I've never used reiserfs for any extended period of time and I don't know anything about it's internals, so I can't accurately comment on its reliability. However I have seen a number of issues like this reported to the Gentoo bugzilla  over the last 2 years, and as you've seen, even bugs that get reported upstream seem to be mostly ignored. In comparison, we rarely see issues like this reported for ext2/ext3, I can only think of one infact which was a bug when the partition was larger than 3TB or something like that. So at least from a watching-the-Gentoo-bugzilla standpoint, I'd certainly recommend ext3.
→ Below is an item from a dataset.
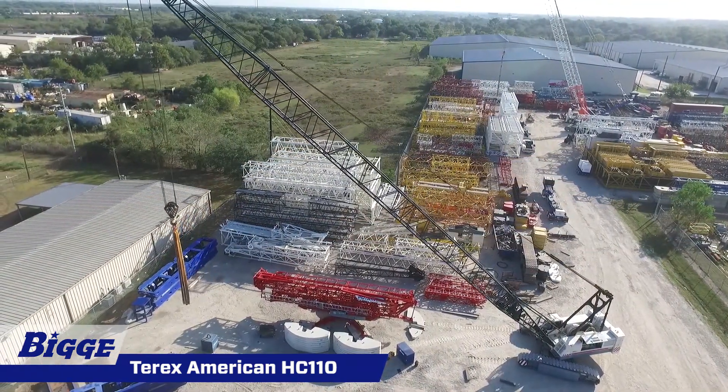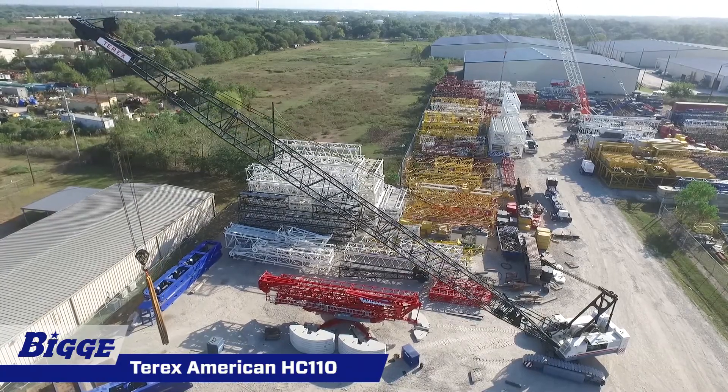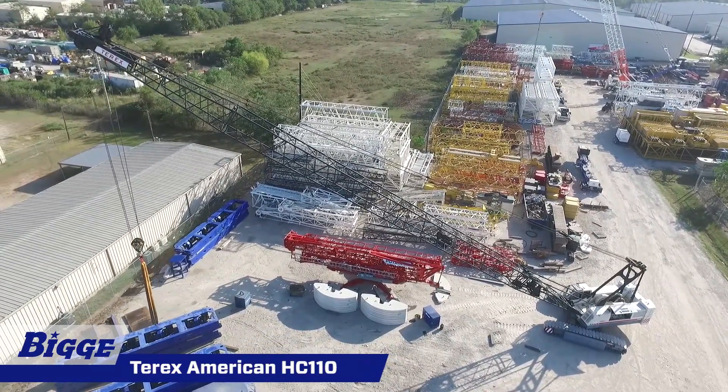The main and auxiliary drums allow power up-down and free-fall. The maximum single line pull is rated at 40,640 pounds and operates at 565 feet per minute maximum line speed.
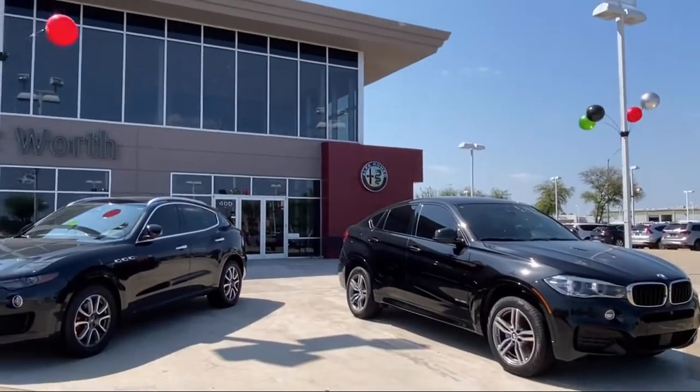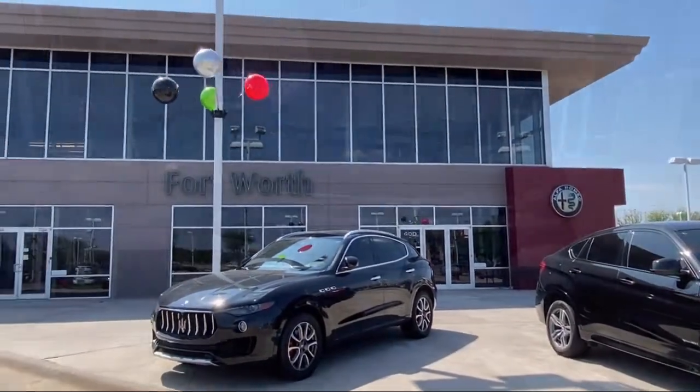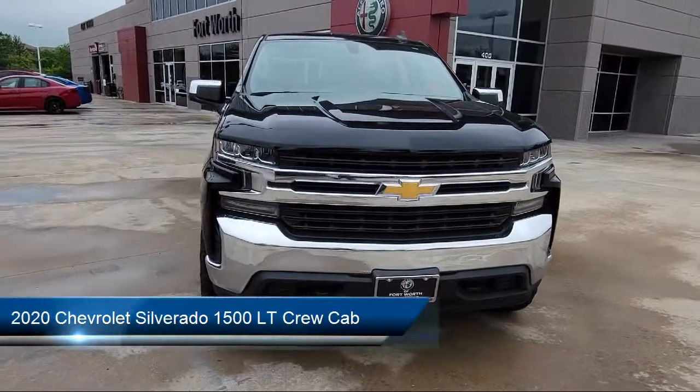Welcome to Alfa Romeo of Fort Worth, and here's a look at another one of our great vehicles from our inventory.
Nick: nice find, that seems very likely to be a fix for this issue. I've added this patch to the 2.6.20 tree, but I'm not sure if there will be further 2.6.20 releases. 2.6.21 is already fixed as you have noted.
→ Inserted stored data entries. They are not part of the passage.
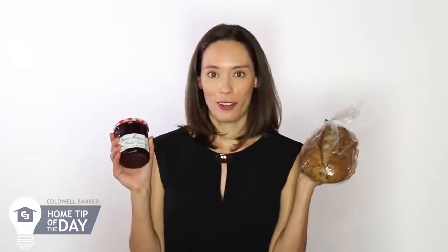Hi, I'm Tori Lee with your Coldwell Banker home tip of the day. When your hostess says don't bring anything — bring breakfast. A fresh loaf of bread and some artisanal jam is just the trick after a late night of cleaning up. They'll certainly appreciate it. For more home tips and tricks, subscribe to Coldwell Banker On Location.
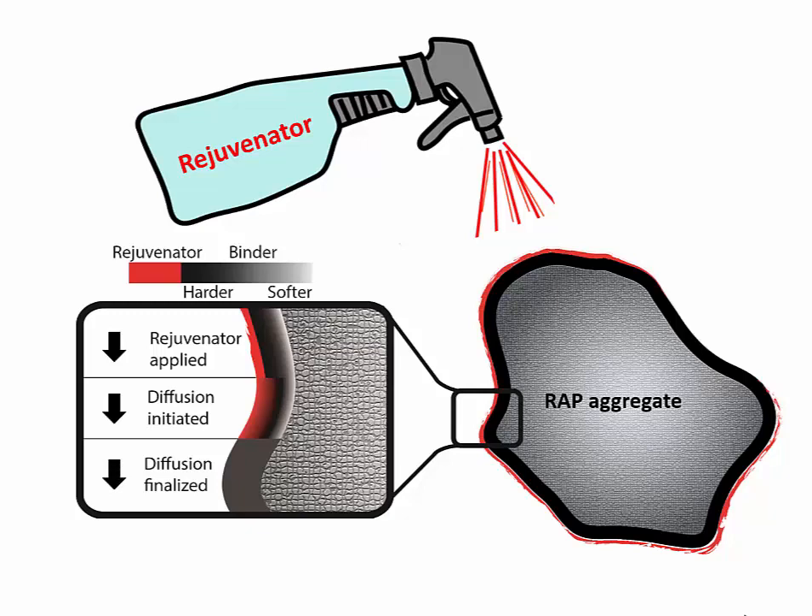At the same time, ensuring homogeneous distribution and accurate rejuvenator dosage is more challenging when adding rejuvenator on the conveyor belt.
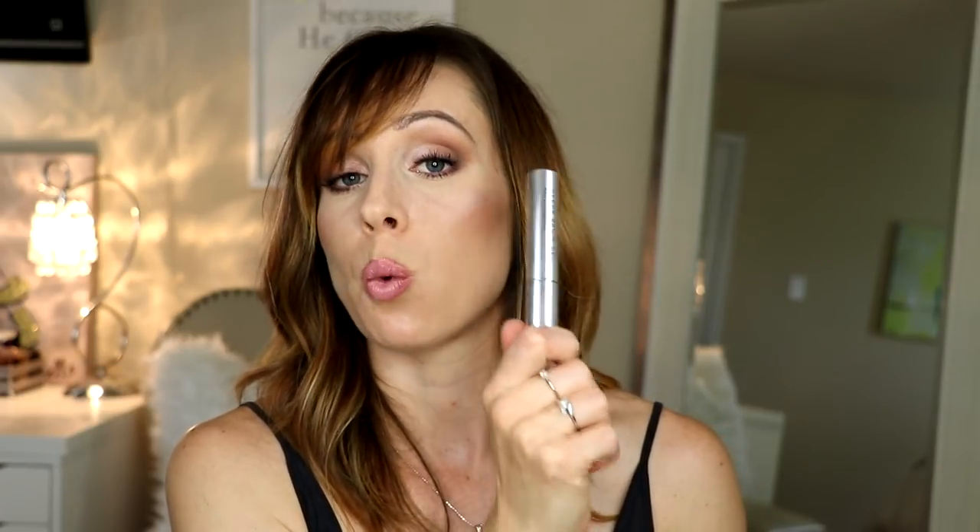This next thing is a summer must-have for me: the Anastasia Clear Brow Gel. It's waterproof. If you need something to not only hold your brows but lock hairs in place that like to blow in the wind, this really adheres nicely to the brows. It's also waterproof, so if you need your brows while swimming or out in the rain, this is really good stuff.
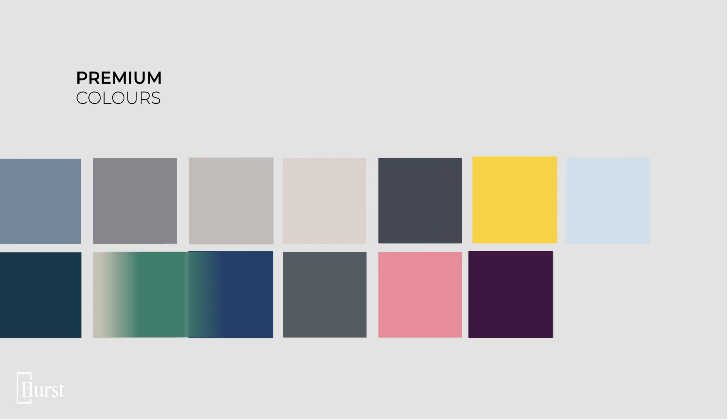Looking for something more bespoke? Hearst's premium sprayed colour service offers a huge range of unique shades to complement your home.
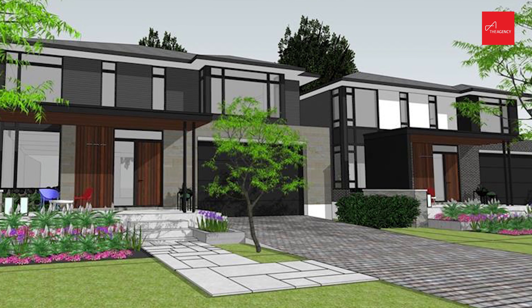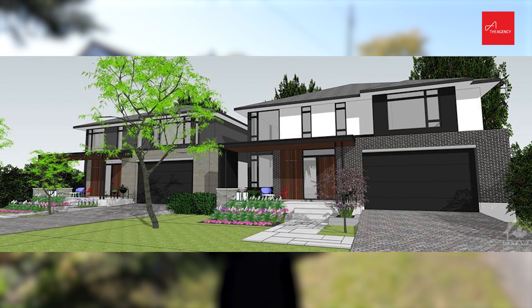These two-story homes have been designed to have five bedrooms, three and a half baths and double car garages.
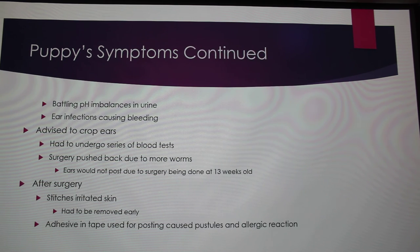Four weeks later, they were using heavy antibiotics to treat all those infections. She had pH imbalances in her urine, and her ear infections got so bad that her ears were bleeding. They took her to a specialist who recommended cropping the ears to alleviate heat and moisture causing the ear infection. Because she was a Z-factor dog, blood tests were required before going under anesthesia. Due to the ongoing antibiotics and infections, they pushed her surgery back — but by then she was already 12 weeks old, and they pushed her to 13 weeks, which gets more complicated.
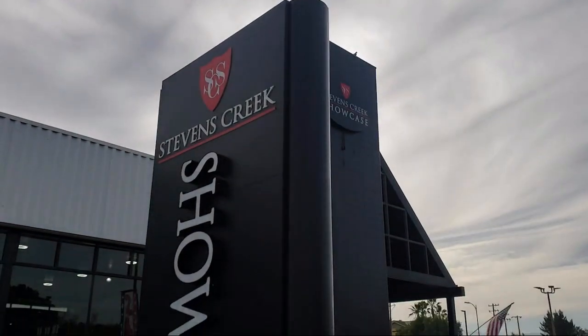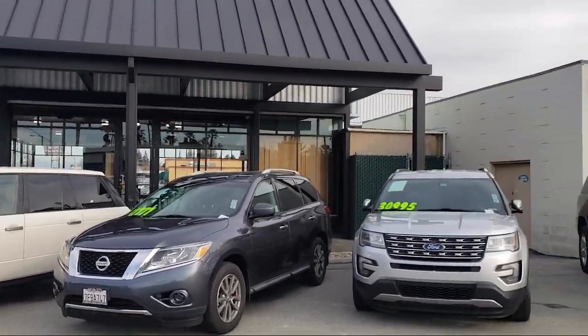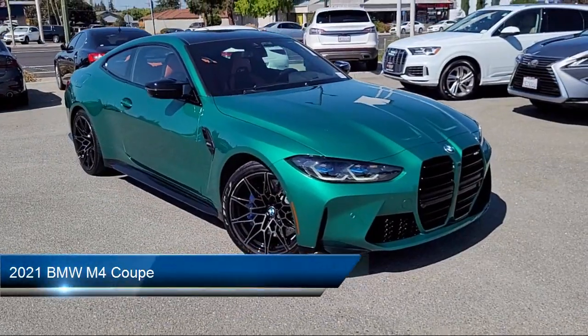Welcome to Stevens Creek Showcase, the area's premier destination for quality pre-owned vehicles. Here's a look at another one of our great vehicles from our inventory,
Given that this bug would be hard to reproduce even on a buggy kernel, and that the fix is already available in 2.6.21, I'm going to close this bug. Feel free to reopen it if any further information becomes available.
Comment 7 Lindsay Haisley 2007-05-25 00:38:19 UTC
(In reply to comment #6)
> (In reply to comment #0)
> I've never used reiserfs for any extended period of time and I don't know
> anything about it's internals, so I can't accurately comment on its
> reliability. However I have seen a number of issues like this reported to the
> Gentoo bugzilla  over the last 2 years, and as you've seen, even bugs that get
> reported upstream seem to be mostly ignored. In comparison, we rarely see
> issues like this reported for ext2/ext3, I can only think of one infact which
> was a bug when the partition was larger than 3TB or something like that. So at
> least from a watching-the-Gentoo-bugzilla standpoint, I'd certainly recommend
> ext3.

It should be noted that the Gentoo Installation handbook recommends reiserfs rather highly.  It's "solid", and has "very good overall performance and greatly outperforms both ext2 and ext3 when dealing with small files."  See http://www.gentoo.org/doc/en/handbook/handbook-amd64.xml?part=1&chap=4#doc_chap4.   The installation doc folks might want to take note of your observations, which paint a rather different picture.

Comment 8 Daniel Drake (RETIRED) gentoo-dev 2007-05-25 02:32:51 UTC
As I said above, that's only my personal view and I don't have any facts or true technical knowledge about filesystems to back it up with. I may consider mentioning it to them anyway though.